Por ALEJANDO MADRID-ESPAÑA

La desnudez y la sexualidad son las situaciones humanas más contaminadas culturalmente y más reglamentadas, con todo tipo de normas, lo que da lugar a los tabúes, mitos y falacias que rigen en cada civilización y cultura, a las que diversas religiones han contribuido enormemente. “La desnudez y la sexualidad es algo sucio, guarro, asqueroso, pecaminoso, nauseabundo y vergonzoso”.




Estas son palabras que han estado en boca de los representantes de las iglesias basándose en argumentos como que en la Biblia estos actos siempre se han condenado; sin embargo parecen olvidar que un texto fuera de contexto es un simple pretexto, o sea, la mera semántica (al margen de la hermenéutica) no soluciona los problemas exegéticos, ahora bien sería bueno recordar que en el libro sagrado también se condenan la hipocresía, el rechazo de los hermanos (a pesar de ser apestados, prostitutas, recaudadores de impuestos,…). ¿Estarán incluidos también los homosexuales, los que practican sexo de forma extramatrimonial, los que utilizan métodos anticonceptivos o practican sexo por placer?
Las iglesias y grupos de carácter fundamentalista (católicos y evangélicos) han propiciado el neointegrismo utilizando principios de moral sexual que condenan la vida sexual o erótica con censuras como el uso de preservativos, la homosexualidad o la incontinencia en el matrimonio, la abstinencia antes del matrimonio, el sexo por placer… en definitiva intentar dominar, controlar, orientar los impulsos de carácter sexual.

La suerte de muchos de nosotros es la de contar con una fe adulta y el suficiente discernimiento para analizar, valorar, cuestionar y decidir si eso que se nos intenta imponer desde una visión integrista de la religión es lo correcto o no según nuestra conciencia.
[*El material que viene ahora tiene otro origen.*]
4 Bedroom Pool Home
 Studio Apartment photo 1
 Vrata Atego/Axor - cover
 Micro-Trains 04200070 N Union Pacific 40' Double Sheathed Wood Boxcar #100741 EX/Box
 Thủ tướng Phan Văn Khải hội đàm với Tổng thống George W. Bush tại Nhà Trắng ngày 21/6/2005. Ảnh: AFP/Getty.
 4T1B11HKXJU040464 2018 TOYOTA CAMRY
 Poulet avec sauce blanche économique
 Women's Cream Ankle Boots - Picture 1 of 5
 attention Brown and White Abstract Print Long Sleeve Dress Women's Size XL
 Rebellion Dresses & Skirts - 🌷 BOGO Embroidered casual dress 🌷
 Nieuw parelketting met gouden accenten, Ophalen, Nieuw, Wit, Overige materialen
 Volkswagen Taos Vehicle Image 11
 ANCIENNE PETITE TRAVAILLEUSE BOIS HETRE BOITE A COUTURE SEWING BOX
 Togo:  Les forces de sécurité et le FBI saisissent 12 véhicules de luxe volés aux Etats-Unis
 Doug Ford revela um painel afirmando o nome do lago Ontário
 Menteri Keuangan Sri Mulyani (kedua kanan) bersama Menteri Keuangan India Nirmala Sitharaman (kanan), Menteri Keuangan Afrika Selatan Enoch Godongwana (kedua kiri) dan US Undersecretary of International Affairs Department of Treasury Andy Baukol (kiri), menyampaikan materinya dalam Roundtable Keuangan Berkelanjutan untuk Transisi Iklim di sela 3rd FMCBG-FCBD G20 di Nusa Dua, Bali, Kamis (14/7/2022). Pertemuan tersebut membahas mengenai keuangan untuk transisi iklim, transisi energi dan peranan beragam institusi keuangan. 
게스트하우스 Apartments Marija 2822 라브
En el caso de los que no analizan de forma constructiva estas imposiciones, como muchas otras -políticas, sociales, familiares-, puede que corran el riesgo de vivir una vida ajena en continua represión y vivir culpándose o culpando a los demás por hacer algo natural e innato en todo ser humano y para lo que Dios nos creo: dar y recibir amor de forma responsable en todas sus vertientes, pues no debemos olvidar que nuestra sexualidad no es solo un impulso corporal, sino una parte integrada de quienes somos.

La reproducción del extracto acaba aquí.